Thursday 23 February 2012


Certainly not everyone’s cup of tea, but if you’re a transvestite biking artist (Or is that biking transvestite artist? Artistic biking transvestite?) with a deep desire to take your 50-year-old teddy bear (Mr. Measles – in the glass box) on a pilgrimage to Germany in style, this custom knucklehead may be just the ticket.
There’s an interesting write-up on the artist and the bike here. Best observation: “While custom shops, tattoo parlors, and clothing outlets are busy selling 'individuality', Perry has taken a brave and lonely path, to BE an individual.” He sure has.

Thursday 16 February 2012

3-second memory

goldfishThere’s a long-standing myth that goldfish only have a 3-second memory. In other words their entire understanding and knowledge of their universe began 3 seconds ago, and by the time they read this sentence (if they could read) their world will have changed. (I sometimes wish I had that affect on all my readers, but I digress.)
In fact it’s been demonstrated that goldfish have very good memories, up to 6 months or more in some cases. But that doesn’t serve my purpose at  the moment, so let’s stick with 3 seconds for now.
This came up again a day or so ago when I heard someone on the radio mention the 3-second memory fiction as if it were fact. It also happened to be at the same time I was outdoors on a beautiful, sunny, warm day desperate for a ride but knowing full well I was at least a month away from having ice-free roads on which to ride.
Truth be told I was daydreaming about that perfect ride I’m sure to have as soon as the snow goes and I no longer have to bundle up like the Michelin man to avoid freezing to death in a 60 mph wind chill.
And in that odd way that the mind sometimes wanders and thoughts conflate I got to thinking that perhaps goldfish, if they really only had a 3 second memory, and if they really could ride, would always experience that perfect ride.
Just think about it.
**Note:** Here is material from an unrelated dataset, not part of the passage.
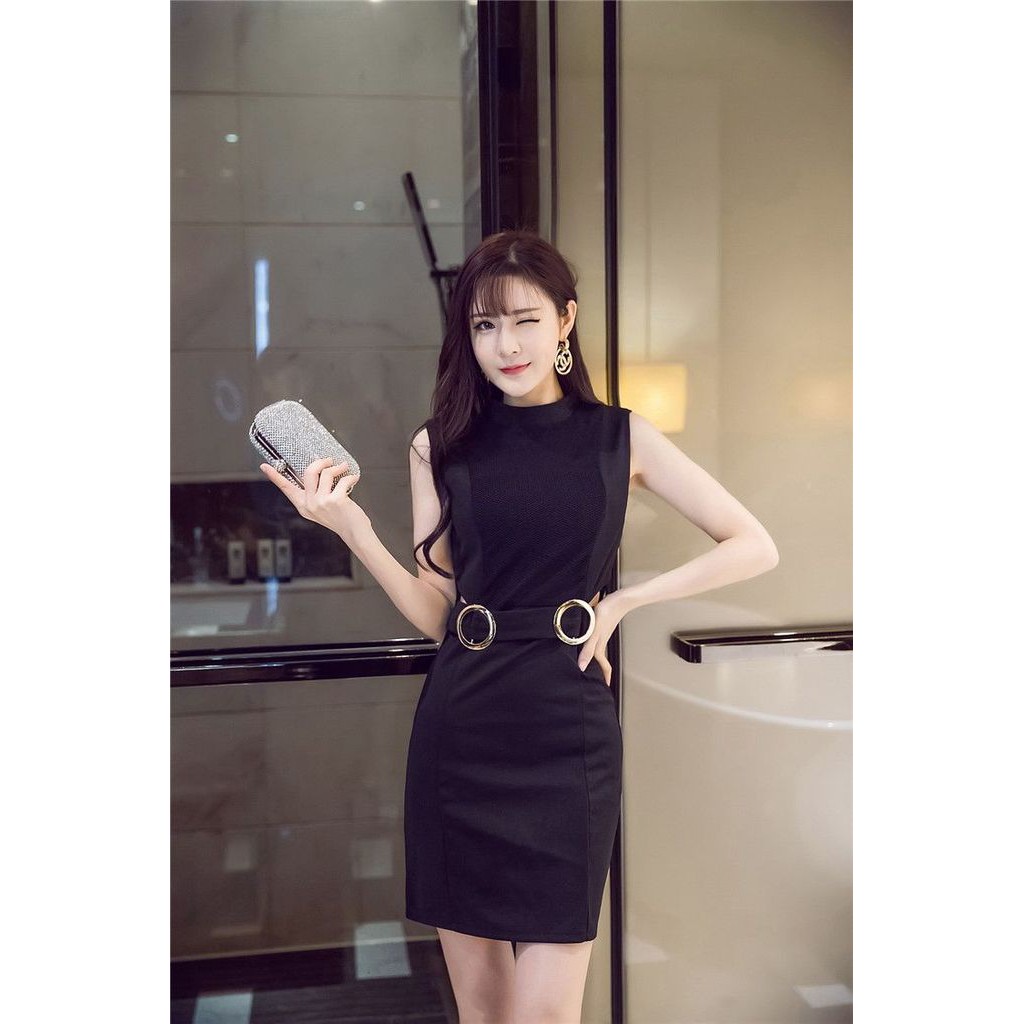 4255436 Dress Black Slim Fit Cotton, texture, back zipper (S,M,L)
You have no history, no concerns beyond what happened in the past 3 seconds. You have no concept of a future and hence no worries about what’s around the next corner, or the next stage of your life. You are just here, just now. It’s you, a motorcycle, and a road. What could be more Zen, more in-the-moment than that? And isn’t that what the perfect ride is all about?

Sunday 12 February 2012

Getting re-shod.

Have a brand new set of Dunlop K591s on order from Dennis Kirk so I’ll be on nice fresh rubber come the spring.
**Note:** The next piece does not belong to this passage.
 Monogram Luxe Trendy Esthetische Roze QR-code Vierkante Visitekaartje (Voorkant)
But in the meantime she’s looking a bit ugly.

Sunday 5 February 2012

Book review: Big Sid’s Vincati

by Matthew Biberman,
Big Sid's VincatiSid Biberman fell in love with motorcycles growing up in Norfolk Virginia. A favourite hangout was the local motorcycle shop where he would gaze longingly at the assorted machines for sale or in for repair, and read the motorcycling magazines scattered about. He craved speed and power, and the freedom those represented, so it didn’t take him long to be drawn to the Vincent, arguably the most powerful motorcycle of the day.  And when, in Rollie Free1948,  Rollie Free set a new world record of 150.313 mph for unstreamlined and unsupercharged bikes he was truly hooked.
Fast forward through many years of Vincent ownership and repairs to other owners’ bikes. Big Sid Biberman was the “go to” guy when it came to repairing and refurbishing Vincent motorcycles. But then, Big Sid’s fortunes turned. A serious heart attack, a failing marriage, and financial woes all sapped his will to live. That’s when his son, Matthew, suggested they build Big Sid’s dream bike, a Vincati.
vincatiThis is the story of Big Sid, son Matthew, and a dream they brought to life. It wasn’t an easy road and the project nearly got derailed on several occasions, but they overcame many obstacles, not least of which was their own somewhat dysfunctional relationship, to make the Vincati a reality.
Almost as a back story to the main narrative, the book provides a fascinating window into the world of vintage motorcycle ownership. Anyone who has been involved in such a community (I’ve dabbled on the fringes) will recognise many of the characters and relationships that develop between people who are passionate about and focused on a single marque – especially one as limited as the Vincent.
Big Sid’s Vincati was a very good read. Recommended.

Saturday 4 February 2012


Every so often, among all the rubbish that flows down the intertubes and across my screen, there will be a little gem. This is one such case.
As one of a series of old photos in a slide show, the picture is not attributed in any way. Nor is there any detail about when or where it was taken. From the styles I’d suggest somewhere in the US in the mid-50’s, but in reality anything you think you know about the photo is guesswork, so it can be whatever or wherever you want it to be.
What isn’t guesswork is at that time these women would have been considered trailblazers by some and outcasts (or worse) by others. But times have changed and these old photos serve to remind us just how much. And who knows, perhaps some of them are still riding today.
Update: With the comment from No Name over at The Motorcycle Project as a clue, a little more digging discovered this picture was taken July 7, 1949 by Loomis Dean for Life Magazine. There are a few more from the series available here. Thanks No Name.